At Prüm you cycle along the river of the same name, which meanders through the landscape here. After about ten kilometers through the Prümtal, turn away from the bank and cycle past the Pronsfeld bike park, where you can try your hand at a pump track. With a gentle, constant slope you now drive up to the Alfbachtal, where the beaver is at home. The sympathetic rodent has left its mark everywhere here; with a little luck you can see the animals.
At Winterscheider Berg you cross a former railway tunnel, which now offers cyclists a shortcut in summer and bats a quarter in winter. Six kilometers further you are already on the Belgian border. You can hardly imagine a border crossing more beautiful - you cycle on a narrow wooden bridge over the babbling Urft and find a rest area on both sides.
On the last ten kilometers through Belgium you drive through another train tunnel and then enjoy the wonderful view of the moorland. You will soon reach your stage destination Sankt Vith with its characteristic, neo-Romanesque parish church. Regular markets, high-class restaurants and the surrounding Eifel landscape attract numerous visitors to the pretty community. It doesn't matter whether you choose a portion of Belgian fries or a restaurant with Michelin stars - everything tastes great after a long bike ride. You can see the accommodations in Sankt Vith here: st.vith.be/Tourismus/Unterkunfte-Gastronomie/Schlafen. From wellness hotels, holiday apartments typical of the region to camping, everything is included.

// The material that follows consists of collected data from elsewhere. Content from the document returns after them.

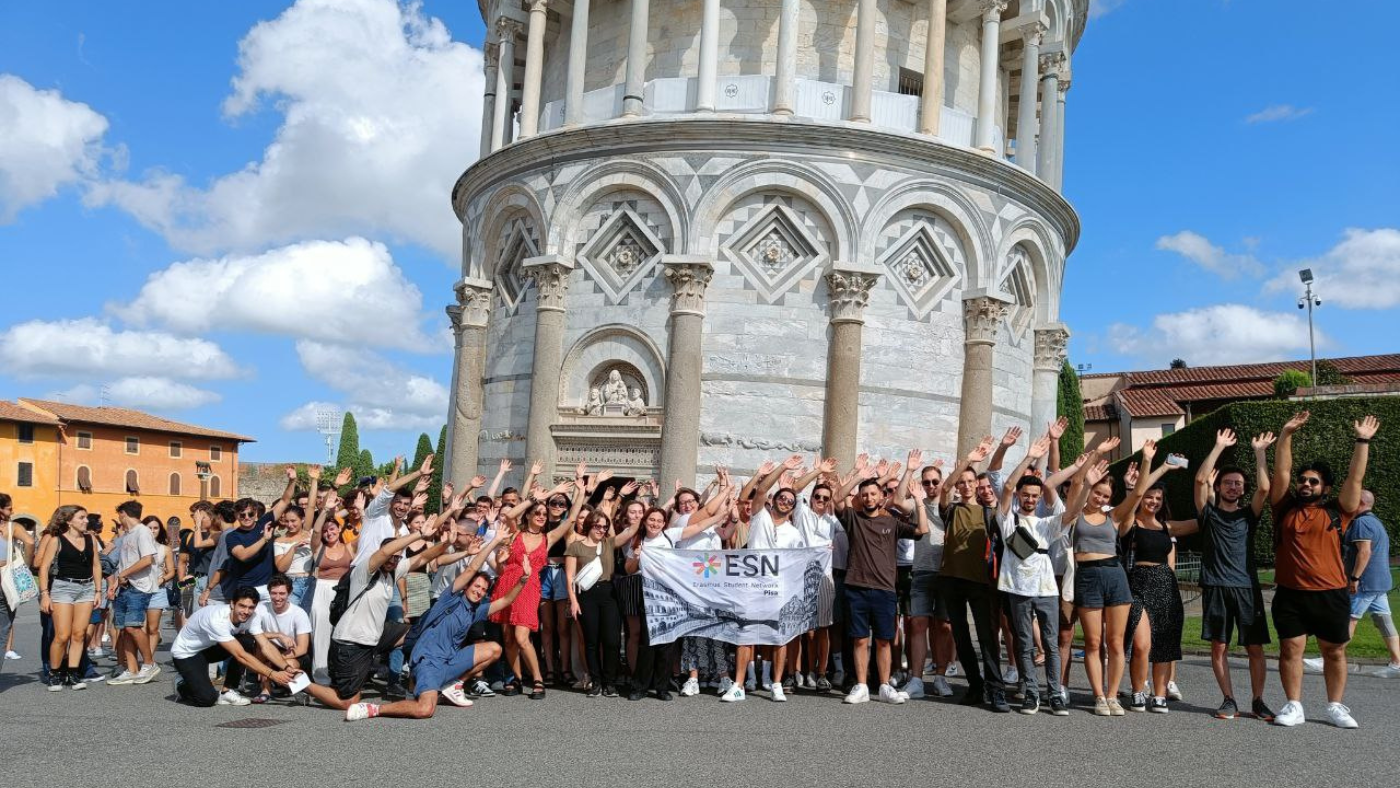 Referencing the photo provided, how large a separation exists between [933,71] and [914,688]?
14760mm

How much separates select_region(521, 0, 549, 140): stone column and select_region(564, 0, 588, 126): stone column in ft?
3.45

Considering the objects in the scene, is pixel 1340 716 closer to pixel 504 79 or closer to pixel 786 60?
pixel 786 60

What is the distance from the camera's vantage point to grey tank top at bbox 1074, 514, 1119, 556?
9352mm

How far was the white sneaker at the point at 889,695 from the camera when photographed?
995 cm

Your journey doesn't have to end here, because you can cycle on the Vennbahnradweg to Aachen in less than 100 kilometers or about 30 kilometers to Troisvierges in Luxembourg. Sankt Vith was originally a railway junction, but the railway lines were destroyed in the Second World War and, after they were closed, turned into long-distance cycle paths. You will no longer find a train connection, but you can take the TEC bus 304 to Eupen. From here a line 14 bus takes you to the train station in Aachen in half an hour. You can of course also cycle the 16 kilometers. In Aachen you are well connected with the regional train and in less than an hour you are in Cologne.